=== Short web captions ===
===============
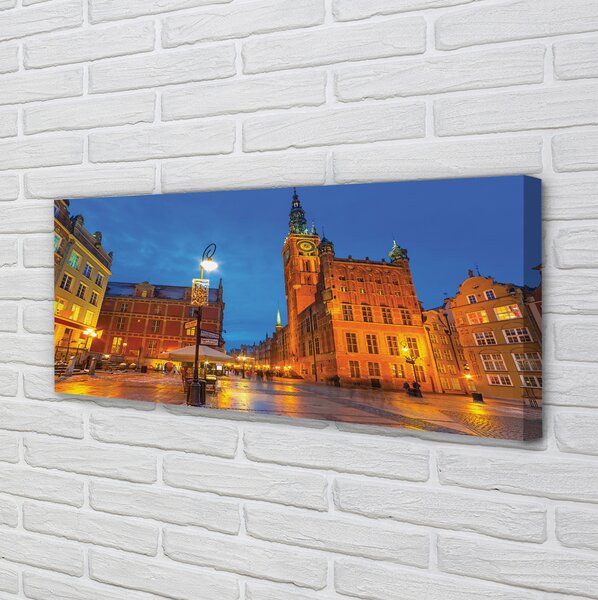Tablouri canvas Biserica de noapte Gdańsk Old Town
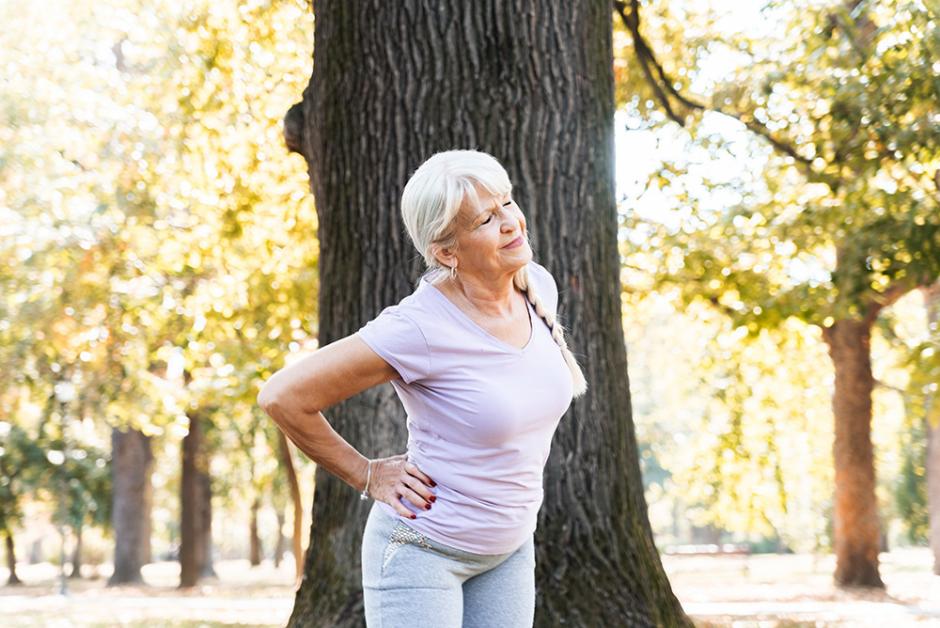 Elderly lady having hip pain Elderly lady having hip pain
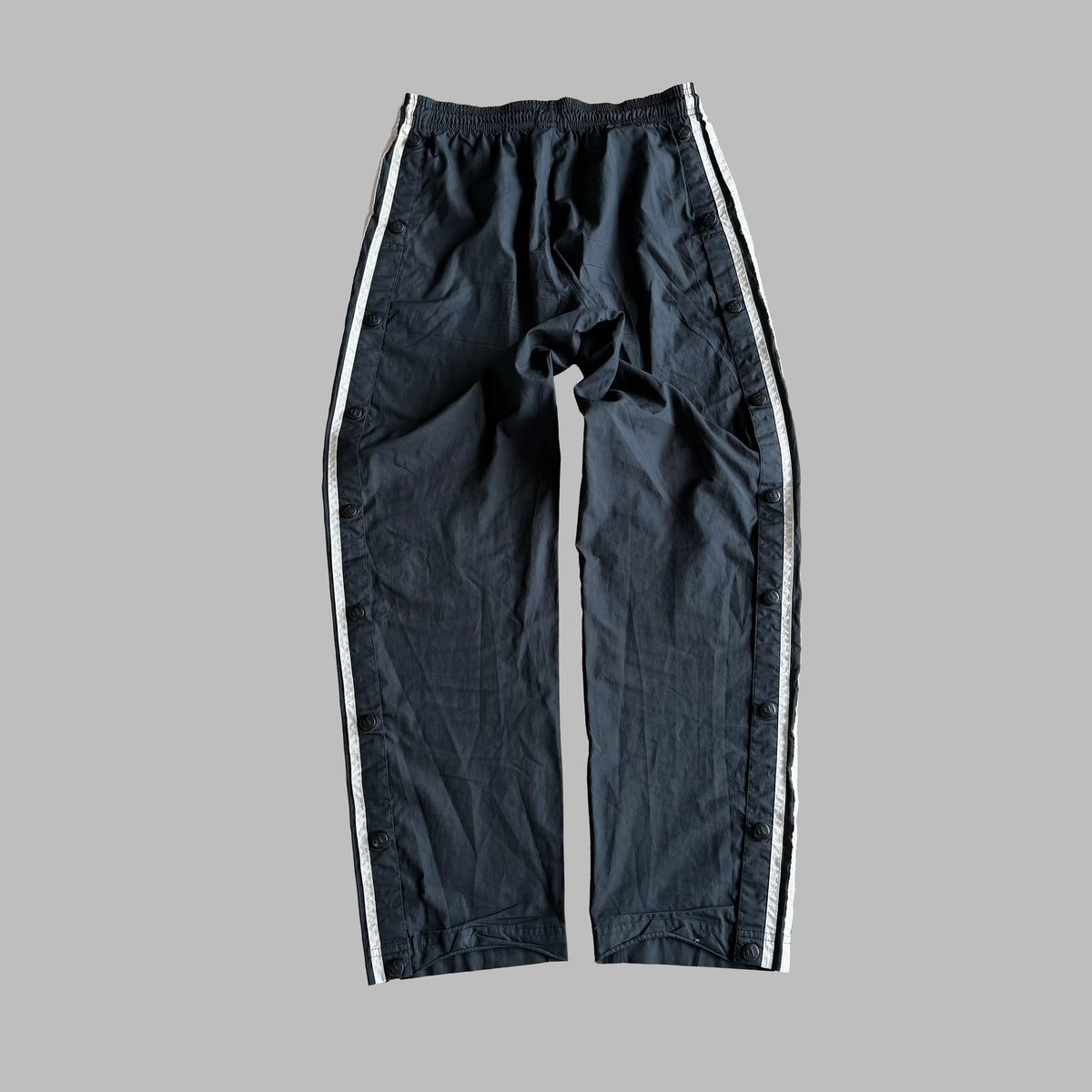 90s Adidas Three Stripe Popper Track Pants - M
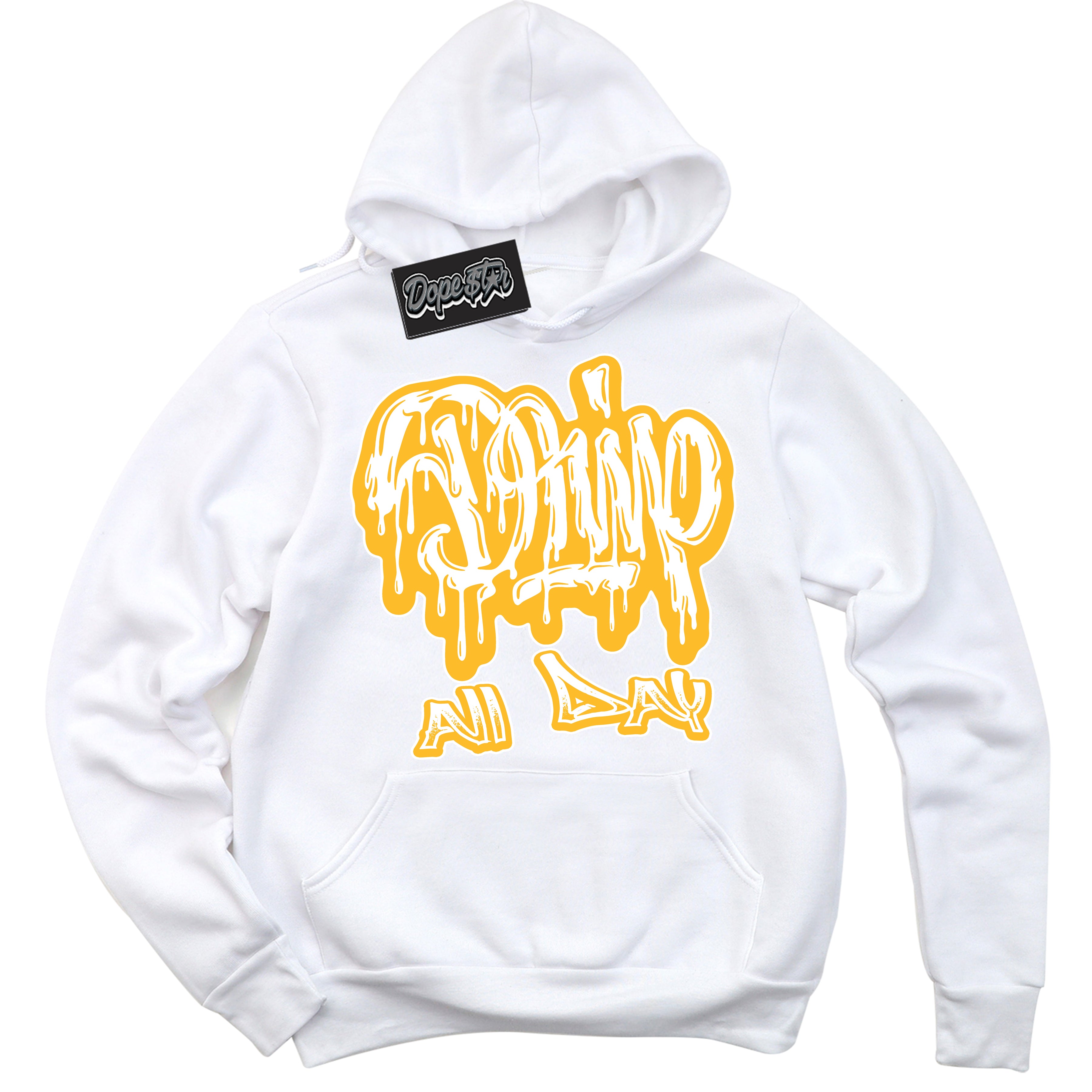 Cool White Hoodie with “ Drip All Day '' design that Perfectly Matches White University Gold Sneakers.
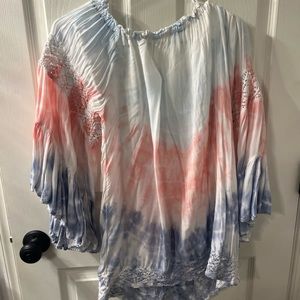 Surf Gypsy- pastel tye dye off the shoulder dress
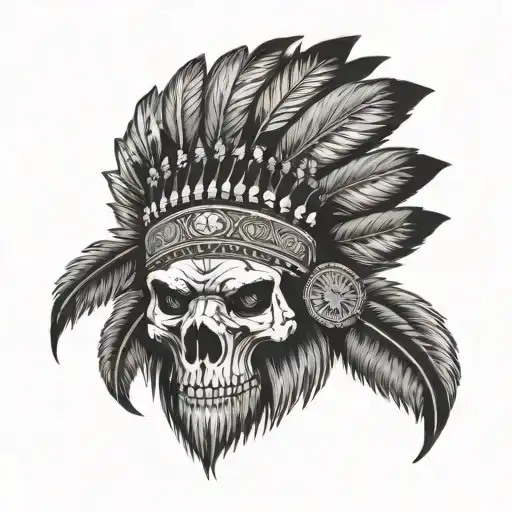 skull wearing native american headress riding a grizzly bear tattoo design idea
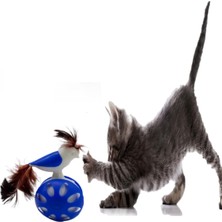 Tineke Tekerlekli Hacıyatmaz Kuş Kedi Oyuncağı 1 Adet (Mavi)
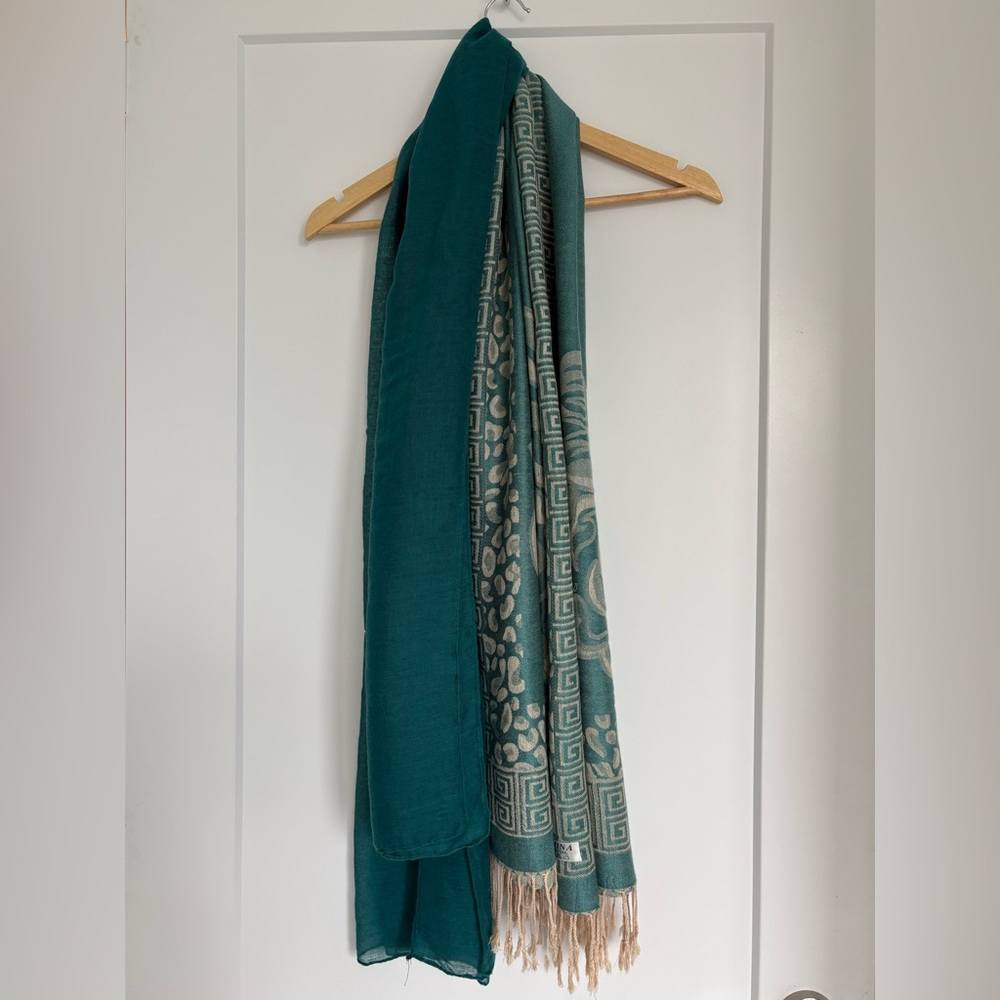2X Elegant Teal Throw Scarves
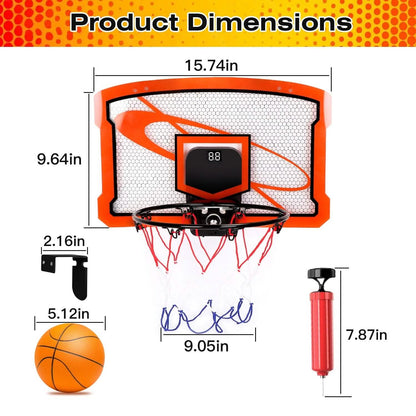 Indoor Mini Basketball Hoop Set with 4 Inflatable Balls Electric Audio Scorer DailySale
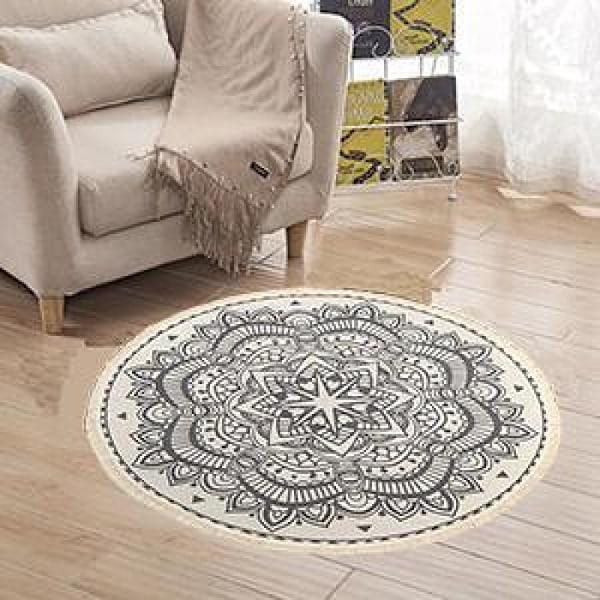Vintage Pyöreä Matto 90cm Puuvillamatto Pyöreä Pestävä Matto Mandala Tupsuilla Käsin Kudottu Iso Matto Olohuoneeseen, Makuuhuoneeseen
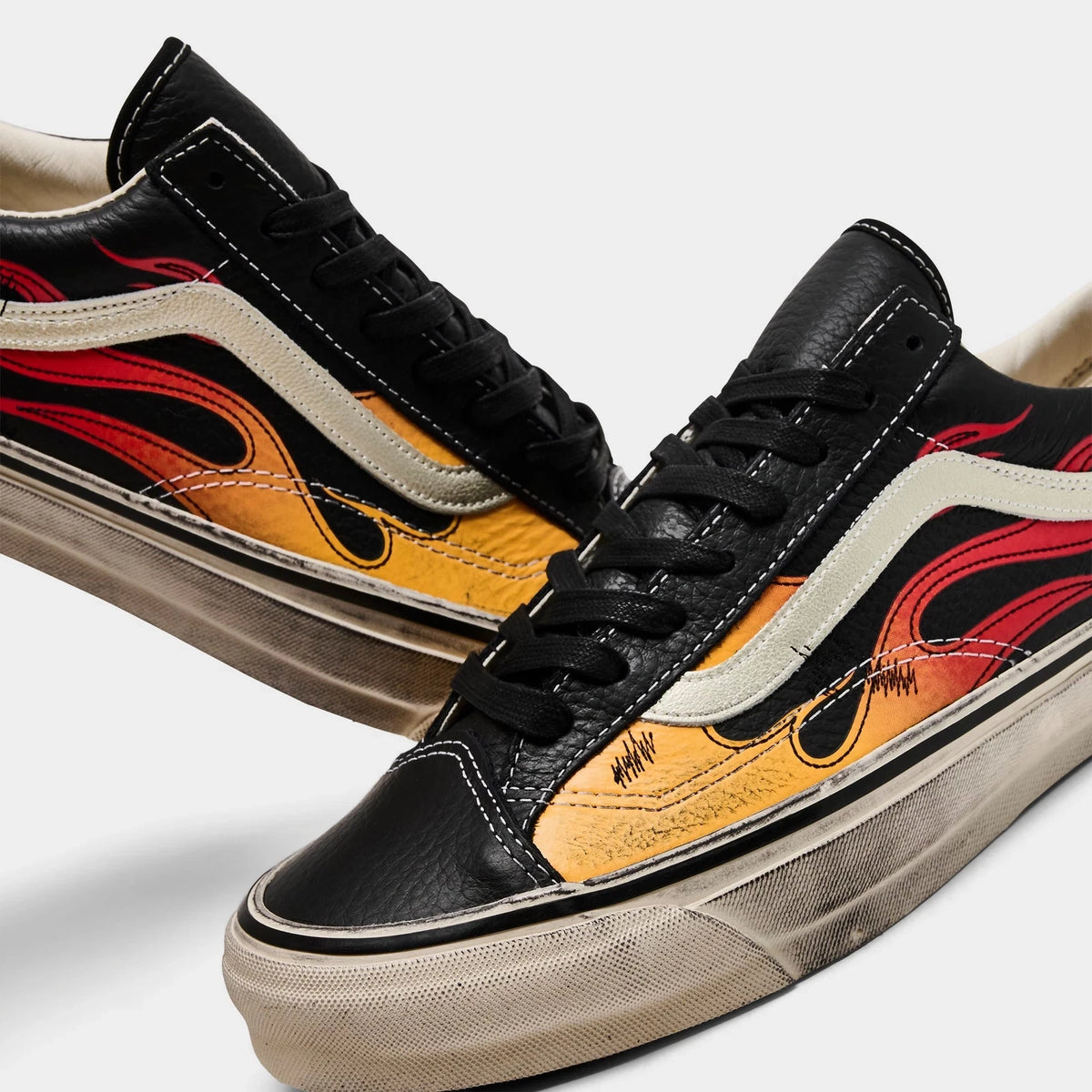 Men's Distressed Flame Skate Sneakers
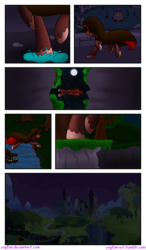 Size: 1024x1755 | Tagged: safe, artist:yogfan, oc, oc only, crocodile, pony, unicorn, comic:but i do now, castle of the royal pony sisters, cloak, clothes, comic, crossover, ganondorf, jumping, male, moon, night, ponyville, stallion, the legend of zelda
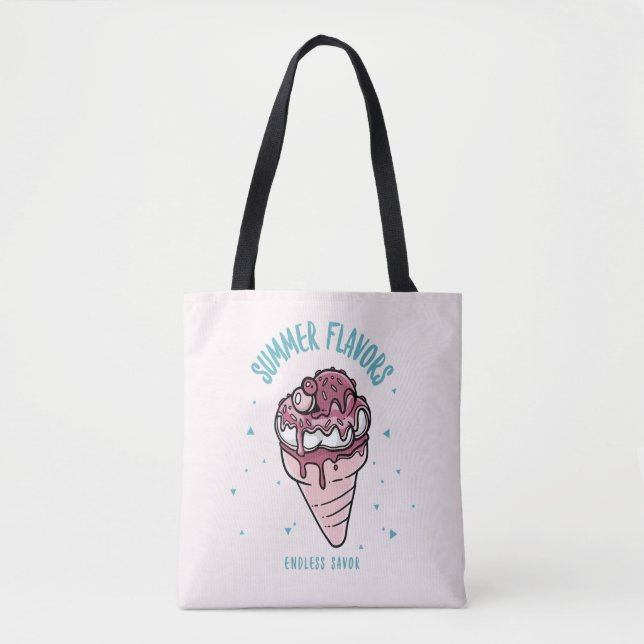 Tote Bag Saveurs d'été goutte-à-goutte glace (Devant)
===============
=== Exercise objective ===
Copy the data exactly. Any picture it contains is to be omitted.

=== Result ===
Tablouri canvas Biserica de noapte Gdańsk Old Town
 Elderly lady having hip pain Elderly lady having hip pain
 90s Adidas Three Stripe Popper Track Pants - M
 Cool White Hoodie with “ Drip All Day '' design that Perfectly Matches White University Gold Sneakers.
 Surf Gypsy- pastel tye dye off the shoulder dress
 skull wearing native american headress riding a grizzly bear tattoo design idea
 Tineke Tekerlekli Hacıyatmaz Kuş Kedi Oyuncağı 1 Adet (Mavi)
2X Elegant Teal Throw Scarves
 Indoor Mini Basketball Hoop Set with 4 Inflatable Balls Electric Audio Scorer DailySale
Vintage Pyöreä Matto 90cm Puuvillamatto Pyöreä Pestävä Matto Mandala Tupsuilla Käsin Kudottu Iso Matto Olohuoneeseen, Makuuhuoneeseen
 Men's Distressed Flame Skate Sneakers
 Size: 1024x1755 | Tagged: safe, artist:yogfan, oc, oc only, crocodile, pony, unicorn, comic:but i do now, castle of the royal pony sisters, cloak, clothes, comic, crossover, ganondorf, jumping, male, moon, night, ponyville, stallion, the legend of zelda
 Tote Bag Saveurs d'été goutte-à-goutte glace (Devant)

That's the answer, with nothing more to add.